- What needs to be done
Would you retype the lines from the one that holds "Mika Vayrynen wordt" to the final line of the entries below, both ends included and exactly as written, but without pictures?

- Data extract
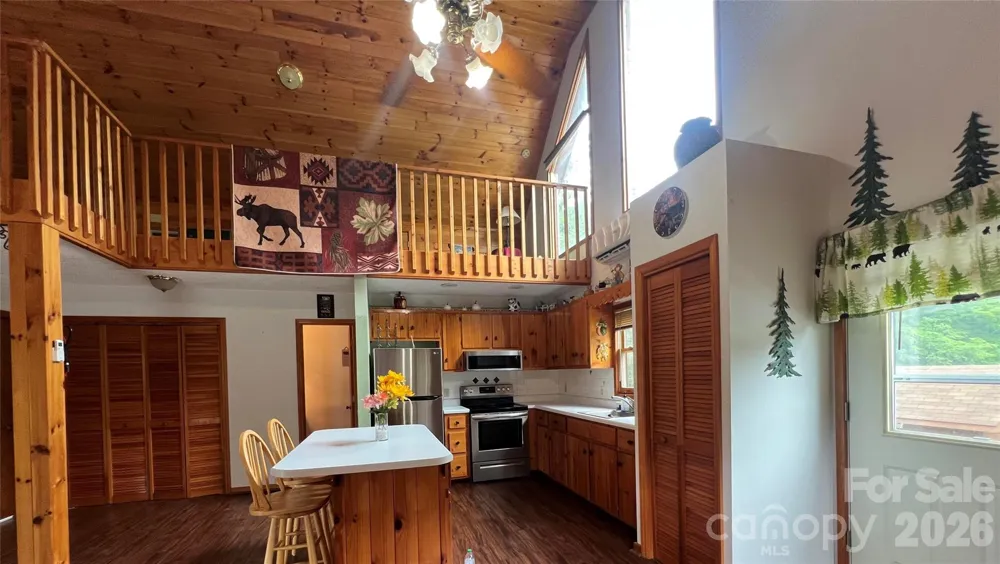 14 Zonia Lane Piney Creek, NC 28663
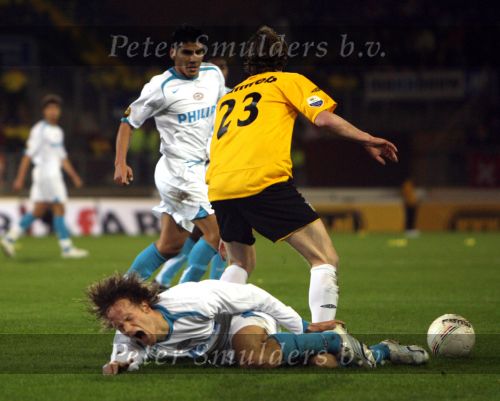 Breda, 28 Februari 2007
NAC-PSV, eindstand 3-0 Wedstrijd KNVB-beker 1/4 finale Seizoen 2006/2007
Mika Vayrynen wordt onderuit gehaald door Ronnie Stam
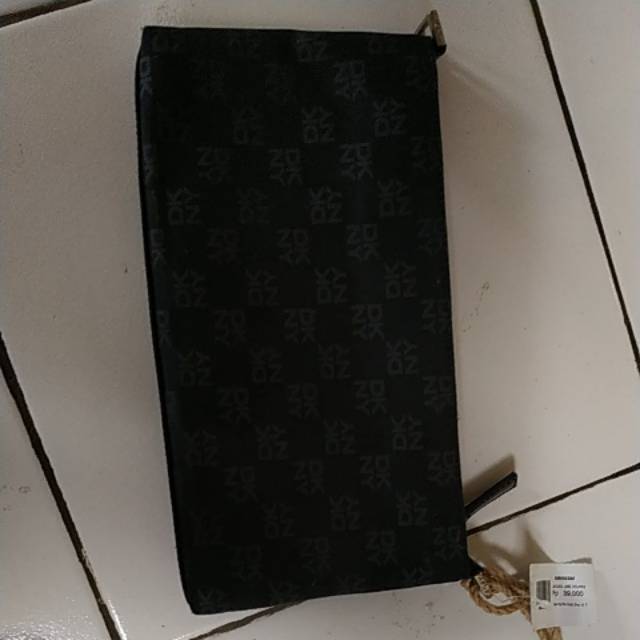 Preloved Dompet DKNY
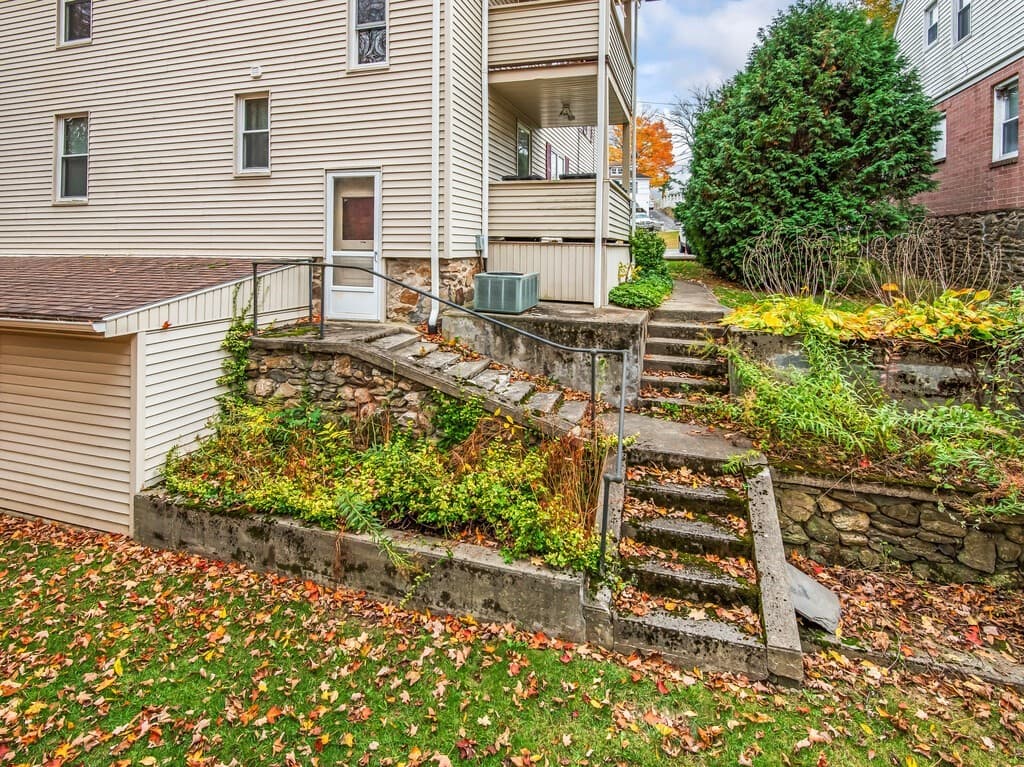 Multi Family at 20 Roger St, Southbridge MA 01550, photo 32 of 34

- Completed exercise
Mika Vayrynen wordt onderuit gehaald door Ronnie Stam
 Preloved Dompet DKNY
 Multi Family at 20 Roger St, Southbridge MA 01550, photo 32 of 34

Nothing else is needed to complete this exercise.